The first rule can be explained simply as follows. If the inputs to the FIS, `population`, `dwelling units`, `num vehicles`, `income`, and `employment`, strongly belong to their respective `cluster1` membership functions then the output, `num of trips`, must strongly belong to its `cluster1` membership function. The (1) at the end of the rule is to indicate that the rule has a weight or an importance of "1". Weights can take any value between 0 and 1. Rules with lesser weights will count for less in the final output.

The significance of the rule is that it succinctly maps cluster 1 in the input space to cluster 1 in the output space. Similarly, the other two rules map cluster 2 and cluster 3 in the input space to cluster 2 and cluster 3 in the output space.

If a datapoint closer to the first cluster, or in other words having strong membership to the first cluster, is fed as input to `myfis` then rule1 will fire with more firing strength than the other two rules. Similarly, an input with strong membership to the second cluster will fire the second rule will with more firing strength than the other two rules and so on.

The output of the rules (firing strengths) are then used to generate the output of the FIS through the output membership functions.

The one output of the FIS, `num of trips`, has 3 linear membership functions representing the 3 clusters identified by `subclust`. The coefficients of the linear membership functions though are not taken directly from the cluster centers. Instead, they are estimated from the dataset using least squares estimation technique.

All 3 membership functions in this case will be of the form `a*population + b*dwelling units + c*num vehicles + d*income + e*employment + f`, where `a`, `b`, `c`, `d`, `e` and `f` represent the coefficients of the linear membership function. Click on any of the `num of trips` membership functions in the membership function editor to observe the parameters of these linear membership functions.

### Using the FIS for Data Exploration

You can now use the FIS that has been constructed to understand the underlying dynamics of relationship being modeled.

```surfview(myfis) ```

Figure 6: Input-Output Surface viewer

`surfview` is the surface viewer that helps view the input-output surface of the fuzzy system. In other words, this tool simulates the response of the fuzzy system for the entire range of inputs that the system is configured to work for.
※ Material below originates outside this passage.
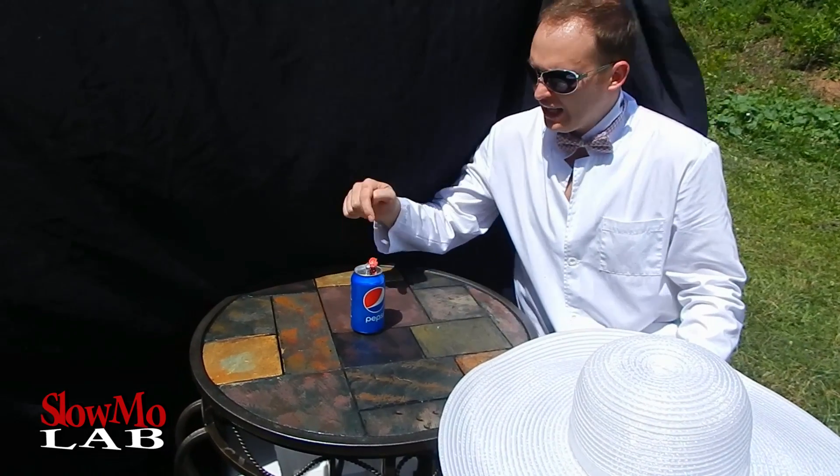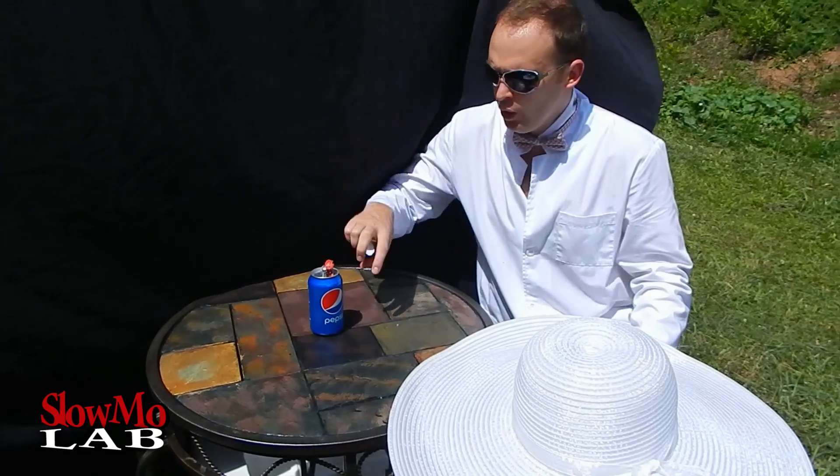Let's do it! I have my firecracker in the empty can and I'm gonna light it up, push it through, and hopefully flip it over and see what happens. Let's do it!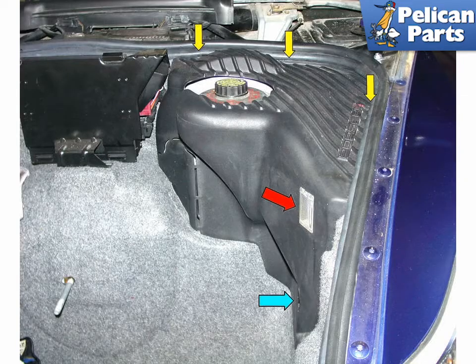The master cylinder is hidden behind a plastic panel located in the front trunk. Remove the large plastic screw that holds the trunk liner down, as indicated by the blue arrow, and the three small Phillips head screws, yellow arrows, and pull the liner out. There is a front trunk lamp embedded in the liner. Remember to unplug the harness connected to this lamp.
Thereafter, the output or the response of the FIS to the inputs are plotted against the inputs as a surface. This visualization is very helpful to understand how the system is going to behave for the entire range of values in the input space.

In the plot above the surface viewer shows the output surface for two inputs `population` and `num of dwelling units`. As you can see the number of auto trips increases with increase in population and dwelling units, which sounds very rational. You can change the inputs in the X and Y drop-down boxes to observe the output surface with respect to the inputs you choose.

```ruleview(myfis) ```

Figure 7: Rule viewer that simulates the entire fuzzy inference process

`ruleview` is the graphical simulator for simulating the FIS response for specific values of the input variables. Now, having built the fuzzy system, if we want to understand how many trips will occur for a demographic setup, say an area with a particular population, a certain number of dwelling units and so on, this tool will help you simulate the FIS response for the input of your choice.
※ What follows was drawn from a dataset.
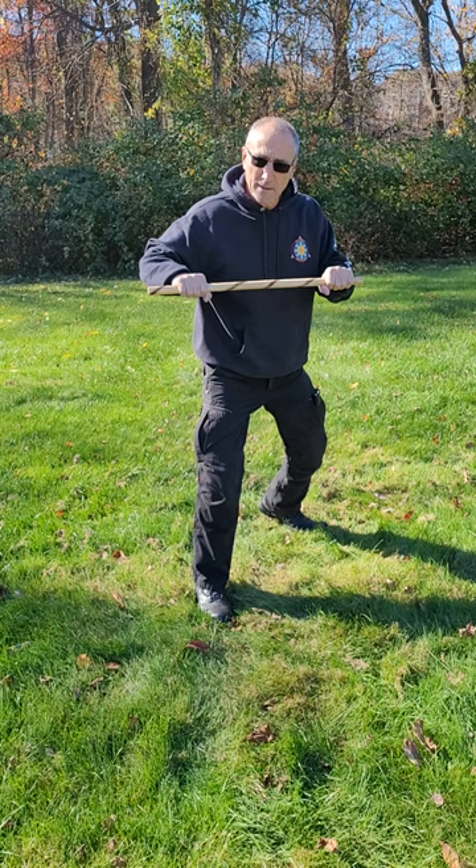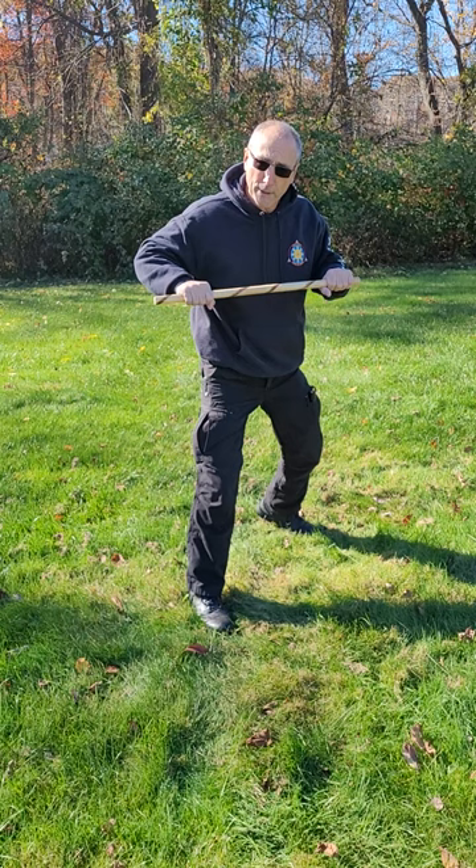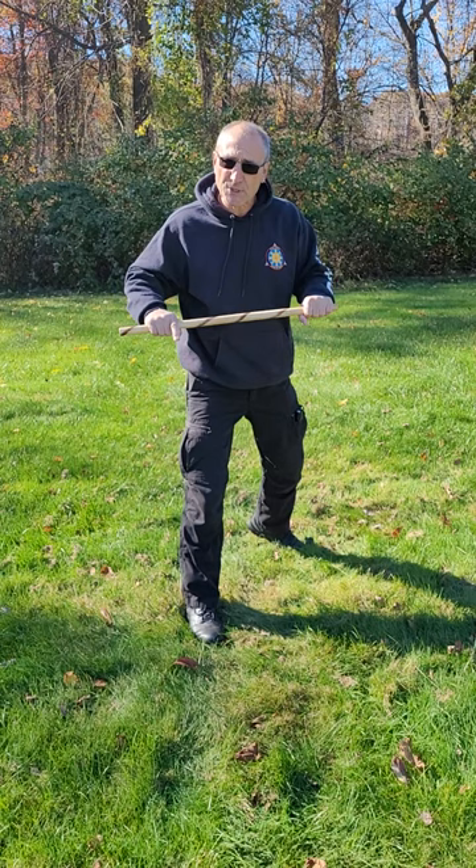So from here, it's going to be a backhand strike to the hand, a backhand strike to the head, a backhand strike to the groin, or a backhand strike to the knee.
Another feature of this GUI tool is, it gives you a snapshot of the entire fuzzy inference process, right from how the membership functions are being satisfied in every rule to how the final output is being generated through defuzzification.

### Conclusion

This example has attempted to convey how clustering and fuzzy logic can be employed as effective techniques for data modeling and analysis.

Fuzzy logic has also found various applications in other areas of technology like non-linear control, automatic control, signal processing, system identification, pattern recognition, time series prediction, data mining, financial applications etc.

### Reference

[1] - S. Chiu, "Fuzzy Model Identification Based on Cluster Estimation," J. of Intelligent & Fuzzy Systems, Vol. 2, No. 3, 1994.